Ignoring every picture, transcribe the data in full as it stands.

───── INFORMATION SUPPLIED

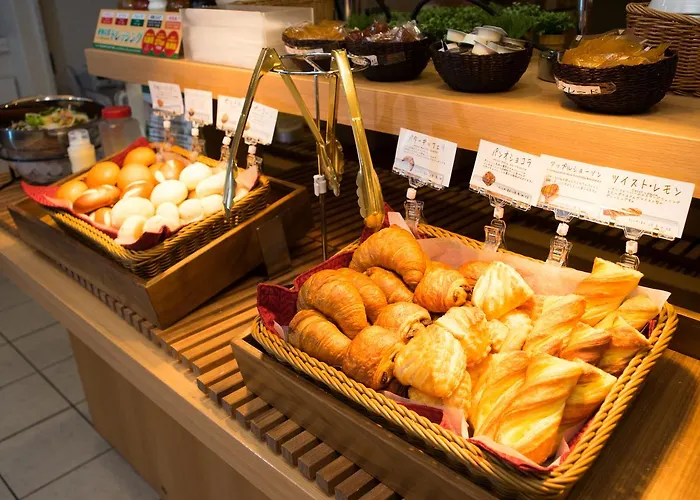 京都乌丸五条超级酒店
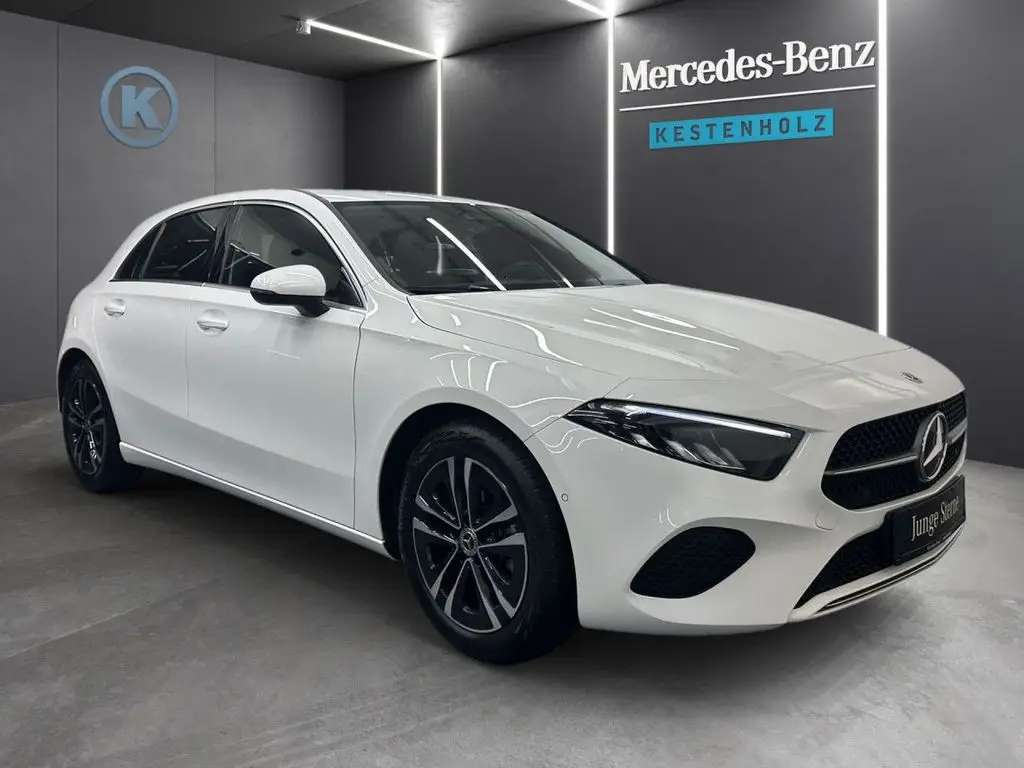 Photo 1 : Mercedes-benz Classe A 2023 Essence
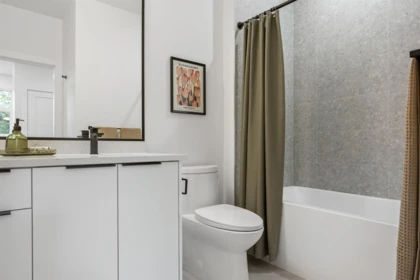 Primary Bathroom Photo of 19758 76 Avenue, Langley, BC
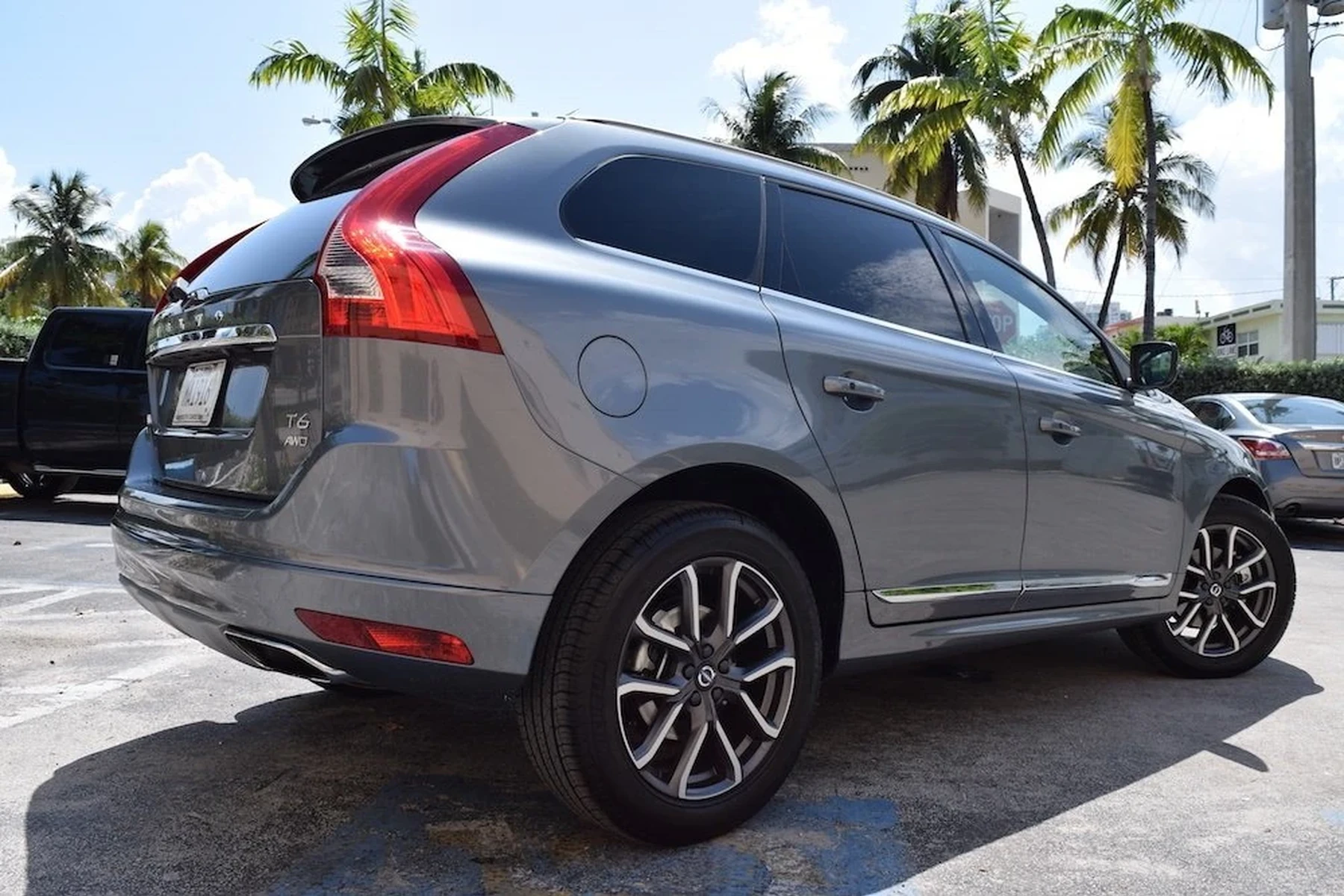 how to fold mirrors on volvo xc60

──────────

SOLVED EXERCISE:
 京都乌丸五条超级酒店
 Photo 1 : Mercedes-benz Classe A 2023 Essence
 Primary Bathroom Photo of 19758 76 Avenue, Langley, BC
 how to fold mirrors on volvo xc60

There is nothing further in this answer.